April 13, 2022

AI models are great but they suck without data

Caroline Zaborowski

Many data scientists and AI engineers are like cats. They are easily distracted by shiny new ideas but get bored quickly. As a result, they will often spend a huge amount of time and energy finding and experimenting with new approaches for creating AI models. That is no bad thing, but it starts to become problematic if they lose sight of the importance of data exploration and fidelity. So, how can you make sure your AI team is focusing on the things that actually matter? First, you need to understand something about how a new AI model is created.

A simple guide to building an AI solution

Despite its ubiquity, AI is not widely understood, even among the technical community. Most people know that AI involves taking some data, passing it through some AI black box, and getting some sort of prediction out. That may be asking the black box to identify cats in photos. Or it may be parsing your instruction “Hey Google, turn on the lights.” But how do you actually create that black box and train it to behave as required? The answer (usually) is machine learning. And for that you need data.

A simplified AI pipeline

Data discovery

The first step is to find all relevant data and convert it into a usable format.
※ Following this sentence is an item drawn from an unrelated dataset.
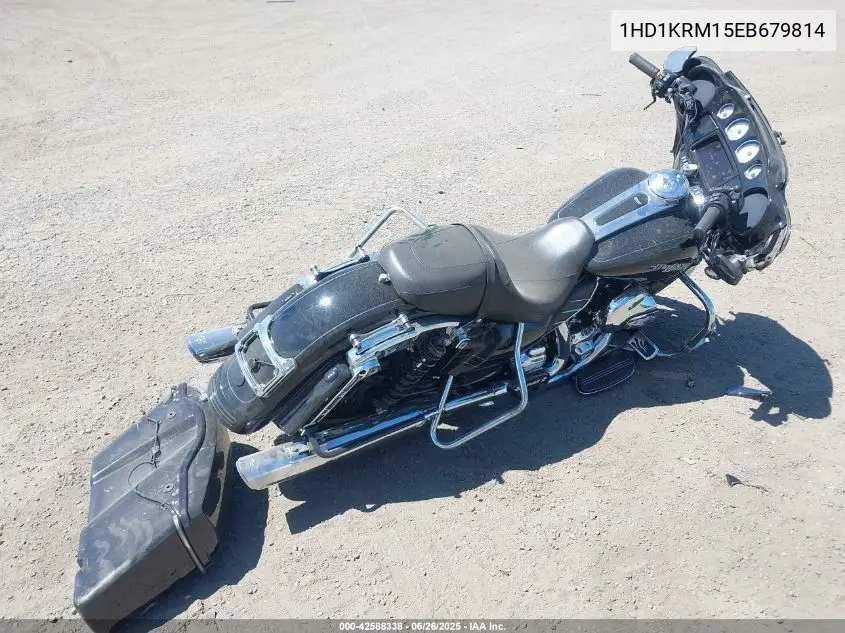 2014 Harley-Davidson Flhxs Street Glide Special VIN: 1HD1KRM15EB679814 Lot: 42588338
This is known as data discovery and often includes importing legacy data into the cloud. 

Data exploration 

Next, you need to analyze the data, come up with a hypothesis and explore which aspects of the data matter. These aspects (or features) may require feature engineering. 

Model selection

Once you have a solid dataset you are ready to choose a model. There are thousands of AI models available nowadays, each optimized to solve a different problem. 

Model training and validation

Now you need to train the model to recognize certain features and react in some way. Once trained, the model must be validated. Often, these two steps need to be repeated.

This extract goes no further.